下関に昔は数軒の製造所がありました。南風泊市場勤務時代、西山町にも業者がおられ市場にあがった珍しいフグを持って行っては剥製にしてもらいました。
その多くは海響館のふくコーナーができた時に寄贈しました。最近では中之町の酒井商店のみです。このお店がふくちょうちん発祥の店です。初代、酒井徳市氏が考案しました。神奈川県の江ノ島で魚のはく製を見て考え付いたということです。製作開始は戦後のようです。一時はアメリカまで需要がありました。
現三代目が就任した平成11年頃には商品の高騰であまり売れなくなり、お店も酒井商店のみになりました。
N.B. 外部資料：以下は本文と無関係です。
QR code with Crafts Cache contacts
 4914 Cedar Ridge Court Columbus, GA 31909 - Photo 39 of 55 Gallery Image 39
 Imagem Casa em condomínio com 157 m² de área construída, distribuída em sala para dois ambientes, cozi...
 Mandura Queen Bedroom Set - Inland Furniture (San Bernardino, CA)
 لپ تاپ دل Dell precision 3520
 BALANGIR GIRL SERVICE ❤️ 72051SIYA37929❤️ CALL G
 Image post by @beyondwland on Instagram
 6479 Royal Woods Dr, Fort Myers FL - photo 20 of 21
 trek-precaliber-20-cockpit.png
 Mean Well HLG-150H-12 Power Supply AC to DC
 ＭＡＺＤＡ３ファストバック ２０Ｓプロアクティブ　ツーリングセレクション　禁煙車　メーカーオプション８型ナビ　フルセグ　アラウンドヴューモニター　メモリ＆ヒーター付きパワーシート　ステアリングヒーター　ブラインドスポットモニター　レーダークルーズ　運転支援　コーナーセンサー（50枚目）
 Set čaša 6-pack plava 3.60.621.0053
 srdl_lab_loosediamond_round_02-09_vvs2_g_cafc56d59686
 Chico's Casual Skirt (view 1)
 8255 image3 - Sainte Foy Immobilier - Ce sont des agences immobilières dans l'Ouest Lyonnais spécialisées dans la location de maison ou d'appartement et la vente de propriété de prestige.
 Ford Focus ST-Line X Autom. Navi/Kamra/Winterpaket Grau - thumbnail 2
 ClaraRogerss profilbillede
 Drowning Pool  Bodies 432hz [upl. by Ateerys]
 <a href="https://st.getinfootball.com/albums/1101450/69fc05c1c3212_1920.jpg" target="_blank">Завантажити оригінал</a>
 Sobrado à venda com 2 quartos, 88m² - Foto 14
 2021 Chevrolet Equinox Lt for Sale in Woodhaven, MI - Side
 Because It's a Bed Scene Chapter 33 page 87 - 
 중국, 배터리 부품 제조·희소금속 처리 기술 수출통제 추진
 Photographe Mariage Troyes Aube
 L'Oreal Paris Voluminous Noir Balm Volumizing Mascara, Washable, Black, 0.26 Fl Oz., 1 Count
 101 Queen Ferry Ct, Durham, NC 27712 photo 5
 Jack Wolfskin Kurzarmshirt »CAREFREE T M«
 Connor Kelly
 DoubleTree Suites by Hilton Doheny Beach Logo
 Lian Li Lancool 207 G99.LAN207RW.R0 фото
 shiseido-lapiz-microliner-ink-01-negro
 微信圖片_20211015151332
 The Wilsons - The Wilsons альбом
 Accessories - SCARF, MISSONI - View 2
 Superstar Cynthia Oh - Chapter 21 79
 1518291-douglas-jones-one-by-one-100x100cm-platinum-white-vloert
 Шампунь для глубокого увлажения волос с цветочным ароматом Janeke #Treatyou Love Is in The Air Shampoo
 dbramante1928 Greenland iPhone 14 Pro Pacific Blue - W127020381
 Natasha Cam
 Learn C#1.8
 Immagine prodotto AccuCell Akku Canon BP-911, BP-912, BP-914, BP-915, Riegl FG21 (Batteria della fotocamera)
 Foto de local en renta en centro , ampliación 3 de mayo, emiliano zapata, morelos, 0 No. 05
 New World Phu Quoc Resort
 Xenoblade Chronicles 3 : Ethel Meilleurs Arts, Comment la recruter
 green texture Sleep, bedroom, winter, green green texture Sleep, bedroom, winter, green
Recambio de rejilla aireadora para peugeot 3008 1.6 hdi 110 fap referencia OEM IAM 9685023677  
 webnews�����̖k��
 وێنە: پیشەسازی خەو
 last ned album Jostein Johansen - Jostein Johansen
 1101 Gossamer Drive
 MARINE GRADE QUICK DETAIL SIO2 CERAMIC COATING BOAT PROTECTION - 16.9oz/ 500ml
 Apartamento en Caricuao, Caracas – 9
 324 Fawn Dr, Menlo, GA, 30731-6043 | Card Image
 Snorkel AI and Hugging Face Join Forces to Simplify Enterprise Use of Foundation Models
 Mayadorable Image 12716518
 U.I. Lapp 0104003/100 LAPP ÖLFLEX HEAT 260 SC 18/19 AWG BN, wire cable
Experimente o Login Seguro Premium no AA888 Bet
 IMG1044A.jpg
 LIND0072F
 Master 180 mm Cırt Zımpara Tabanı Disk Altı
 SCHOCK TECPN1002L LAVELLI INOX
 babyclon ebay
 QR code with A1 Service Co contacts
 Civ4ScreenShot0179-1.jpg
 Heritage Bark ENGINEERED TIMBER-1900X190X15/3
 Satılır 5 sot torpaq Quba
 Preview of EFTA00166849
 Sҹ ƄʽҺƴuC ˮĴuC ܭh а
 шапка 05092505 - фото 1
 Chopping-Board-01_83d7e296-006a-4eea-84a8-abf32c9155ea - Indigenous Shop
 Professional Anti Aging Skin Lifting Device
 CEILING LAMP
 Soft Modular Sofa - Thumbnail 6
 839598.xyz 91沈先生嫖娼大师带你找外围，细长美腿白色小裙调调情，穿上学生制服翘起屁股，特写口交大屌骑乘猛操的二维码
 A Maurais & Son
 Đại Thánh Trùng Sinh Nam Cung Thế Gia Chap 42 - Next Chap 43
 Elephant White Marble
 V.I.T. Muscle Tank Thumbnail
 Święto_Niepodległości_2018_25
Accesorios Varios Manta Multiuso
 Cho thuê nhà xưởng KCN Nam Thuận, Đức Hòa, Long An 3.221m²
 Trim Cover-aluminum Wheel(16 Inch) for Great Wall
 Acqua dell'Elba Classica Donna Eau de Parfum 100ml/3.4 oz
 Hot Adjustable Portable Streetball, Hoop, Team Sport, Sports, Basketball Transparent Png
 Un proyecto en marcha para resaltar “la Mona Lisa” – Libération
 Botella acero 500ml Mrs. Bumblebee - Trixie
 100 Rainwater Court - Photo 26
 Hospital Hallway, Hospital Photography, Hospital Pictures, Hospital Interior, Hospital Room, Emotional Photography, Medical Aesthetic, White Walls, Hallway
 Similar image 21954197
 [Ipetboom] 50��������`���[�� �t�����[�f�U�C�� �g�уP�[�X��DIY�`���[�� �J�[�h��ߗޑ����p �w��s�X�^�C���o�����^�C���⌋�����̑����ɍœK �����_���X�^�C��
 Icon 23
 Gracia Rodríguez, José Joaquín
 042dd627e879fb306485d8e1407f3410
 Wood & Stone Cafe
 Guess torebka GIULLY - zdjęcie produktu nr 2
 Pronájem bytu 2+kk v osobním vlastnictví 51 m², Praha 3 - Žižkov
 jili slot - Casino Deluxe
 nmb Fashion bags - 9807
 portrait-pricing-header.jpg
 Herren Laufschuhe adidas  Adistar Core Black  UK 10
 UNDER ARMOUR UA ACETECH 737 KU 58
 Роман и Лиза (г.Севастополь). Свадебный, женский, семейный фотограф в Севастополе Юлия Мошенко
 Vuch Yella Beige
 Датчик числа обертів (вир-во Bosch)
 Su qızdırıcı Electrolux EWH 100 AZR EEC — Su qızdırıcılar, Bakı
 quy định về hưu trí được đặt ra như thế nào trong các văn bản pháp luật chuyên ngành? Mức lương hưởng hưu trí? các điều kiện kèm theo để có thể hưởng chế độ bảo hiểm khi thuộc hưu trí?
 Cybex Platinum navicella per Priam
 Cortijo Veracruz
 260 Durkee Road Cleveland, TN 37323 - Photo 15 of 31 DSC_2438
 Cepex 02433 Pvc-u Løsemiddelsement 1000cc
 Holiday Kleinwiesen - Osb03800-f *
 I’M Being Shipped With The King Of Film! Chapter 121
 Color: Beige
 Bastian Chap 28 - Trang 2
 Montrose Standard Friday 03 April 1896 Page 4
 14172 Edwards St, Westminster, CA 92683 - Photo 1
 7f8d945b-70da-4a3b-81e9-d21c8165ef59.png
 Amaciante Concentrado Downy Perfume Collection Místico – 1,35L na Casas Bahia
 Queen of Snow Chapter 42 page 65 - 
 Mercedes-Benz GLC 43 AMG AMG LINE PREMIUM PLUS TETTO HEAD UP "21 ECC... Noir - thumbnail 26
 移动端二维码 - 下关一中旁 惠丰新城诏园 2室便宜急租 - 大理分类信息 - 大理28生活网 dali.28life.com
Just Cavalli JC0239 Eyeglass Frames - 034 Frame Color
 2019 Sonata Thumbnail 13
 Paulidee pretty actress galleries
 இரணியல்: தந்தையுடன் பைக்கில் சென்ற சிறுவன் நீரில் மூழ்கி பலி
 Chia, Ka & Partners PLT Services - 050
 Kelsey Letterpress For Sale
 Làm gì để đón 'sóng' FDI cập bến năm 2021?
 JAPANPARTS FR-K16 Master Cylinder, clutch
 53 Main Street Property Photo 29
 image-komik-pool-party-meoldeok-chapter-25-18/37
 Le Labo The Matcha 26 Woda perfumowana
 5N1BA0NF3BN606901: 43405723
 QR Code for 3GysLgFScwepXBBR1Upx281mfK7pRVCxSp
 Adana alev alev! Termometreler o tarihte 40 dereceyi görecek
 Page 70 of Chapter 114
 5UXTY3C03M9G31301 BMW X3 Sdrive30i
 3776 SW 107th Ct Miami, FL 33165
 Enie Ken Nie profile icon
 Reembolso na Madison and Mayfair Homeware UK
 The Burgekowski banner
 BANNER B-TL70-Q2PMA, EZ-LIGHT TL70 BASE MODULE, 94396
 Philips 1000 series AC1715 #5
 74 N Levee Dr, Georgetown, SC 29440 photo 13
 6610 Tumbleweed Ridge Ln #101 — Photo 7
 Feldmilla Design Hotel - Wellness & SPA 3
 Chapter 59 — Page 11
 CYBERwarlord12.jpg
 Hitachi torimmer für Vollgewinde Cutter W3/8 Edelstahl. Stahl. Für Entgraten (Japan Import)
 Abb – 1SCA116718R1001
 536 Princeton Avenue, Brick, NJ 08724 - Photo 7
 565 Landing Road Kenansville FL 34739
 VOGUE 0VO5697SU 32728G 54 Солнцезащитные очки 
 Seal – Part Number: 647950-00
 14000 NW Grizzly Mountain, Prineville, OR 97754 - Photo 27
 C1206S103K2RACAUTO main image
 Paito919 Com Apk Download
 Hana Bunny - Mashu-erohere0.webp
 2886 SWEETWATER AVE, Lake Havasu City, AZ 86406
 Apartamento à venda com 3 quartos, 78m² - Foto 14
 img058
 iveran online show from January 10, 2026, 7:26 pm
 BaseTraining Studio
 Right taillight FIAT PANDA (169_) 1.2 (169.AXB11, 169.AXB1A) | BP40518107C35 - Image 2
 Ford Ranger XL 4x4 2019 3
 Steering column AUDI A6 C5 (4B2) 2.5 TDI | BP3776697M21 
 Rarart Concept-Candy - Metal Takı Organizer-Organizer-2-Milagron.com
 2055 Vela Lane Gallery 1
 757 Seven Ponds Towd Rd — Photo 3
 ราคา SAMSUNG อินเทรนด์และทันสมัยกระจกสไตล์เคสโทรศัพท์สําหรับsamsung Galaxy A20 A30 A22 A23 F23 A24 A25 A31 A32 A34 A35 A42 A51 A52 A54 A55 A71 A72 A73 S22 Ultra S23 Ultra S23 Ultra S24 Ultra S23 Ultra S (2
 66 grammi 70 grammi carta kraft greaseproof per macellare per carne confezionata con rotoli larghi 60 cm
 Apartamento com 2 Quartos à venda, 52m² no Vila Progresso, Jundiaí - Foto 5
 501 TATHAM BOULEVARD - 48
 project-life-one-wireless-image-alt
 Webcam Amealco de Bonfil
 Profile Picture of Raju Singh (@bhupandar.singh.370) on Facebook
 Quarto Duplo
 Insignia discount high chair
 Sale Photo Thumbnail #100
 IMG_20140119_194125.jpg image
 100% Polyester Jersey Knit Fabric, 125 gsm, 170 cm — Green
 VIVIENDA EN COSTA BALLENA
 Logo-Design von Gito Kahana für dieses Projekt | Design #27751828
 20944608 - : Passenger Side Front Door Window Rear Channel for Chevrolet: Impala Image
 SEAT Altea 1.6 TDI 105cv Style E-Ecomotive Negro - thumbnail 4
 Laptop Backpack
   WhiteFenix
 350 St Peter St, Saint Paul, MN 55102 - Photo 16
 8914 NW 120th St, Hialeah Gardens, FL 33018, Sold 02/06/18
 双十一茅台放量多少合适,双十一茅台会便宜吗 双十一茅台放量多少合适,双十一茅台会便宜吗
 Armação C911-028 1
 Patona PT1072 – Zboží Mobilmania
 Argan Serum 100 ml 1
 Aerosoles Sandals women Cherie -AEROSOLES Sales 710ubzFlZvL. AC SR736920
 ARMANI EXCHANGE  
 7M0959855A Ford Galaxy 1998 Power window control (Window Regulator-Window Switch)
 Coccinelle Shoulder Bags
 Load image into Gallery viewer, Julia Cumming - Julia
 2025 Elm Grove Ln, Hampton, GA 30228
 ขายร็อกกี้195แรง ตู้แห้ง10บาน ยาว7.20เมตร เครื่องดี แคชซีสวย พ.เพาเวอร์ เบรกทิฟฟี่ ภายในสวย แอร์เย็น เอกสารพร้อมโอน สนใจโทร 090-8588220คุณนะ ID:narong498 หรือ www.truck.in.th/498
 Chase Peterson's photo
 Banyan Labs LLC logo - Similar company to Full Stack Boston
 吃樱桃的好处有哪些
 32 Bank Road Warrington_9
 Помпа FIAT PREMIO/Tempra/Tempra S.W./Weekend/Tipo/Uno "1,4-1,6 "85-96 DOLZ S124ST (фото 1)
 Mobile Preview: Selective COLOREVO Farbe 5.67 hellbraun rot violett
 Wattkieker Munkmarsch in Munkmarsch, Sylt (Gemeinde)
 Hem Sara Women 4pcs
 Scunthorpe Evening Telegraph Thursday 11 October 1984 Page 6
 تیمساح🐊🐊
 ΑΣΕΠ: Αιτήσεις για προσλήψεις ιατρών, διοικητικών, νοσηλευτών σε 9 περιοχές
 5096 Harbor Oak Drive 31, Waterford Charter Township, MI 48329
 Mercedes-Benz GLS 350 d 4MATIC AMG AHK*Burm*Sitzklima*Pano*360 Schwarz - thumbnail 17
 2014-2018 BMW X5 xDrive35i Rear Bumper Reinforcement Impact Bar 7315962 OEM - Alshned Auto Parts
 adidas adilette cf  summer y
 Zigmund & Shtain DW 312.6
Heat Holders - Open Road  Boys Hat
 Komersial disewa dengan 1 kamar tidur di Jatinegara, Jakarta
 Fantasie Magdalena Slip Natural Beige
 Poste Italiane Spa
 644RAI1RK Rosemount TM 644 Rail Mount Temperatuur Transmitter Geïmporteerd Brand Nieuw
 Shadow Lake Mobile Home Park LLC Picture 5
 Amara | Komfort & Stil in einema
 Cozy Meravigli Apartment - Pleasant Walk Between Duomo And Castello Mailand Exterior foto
その後地道に営業努力を重ね、マスコミに取り上げられ、需要が増加しお土産に売れるようになりました。製造工程はなかなか複雑で酒井さんのエッセーによれば(1)フグの背部の皮に包丁であまり大きくない切れ目を入れる。(2)切れ目から身と内臓を取り出す。(3)処理した皮を水に漬けて血抜きをする。(4)切れ目からもみ殻を詰め込んで成型する。(5)天日干しをして乾燥させる。(6)皮の切れ目からもみ殻を抜く。(7)仕上げをする。このうち(2)と(4)の工程は熟練を必要とする。天日干しなので天候に左右され完成までに時間がかかる。
ふくちょうちん製造はふく問屋の夏場対策で始まりました。天然ものだけの時代、ふく料理店は夏休みです。職人のために初代が考え付いたのです。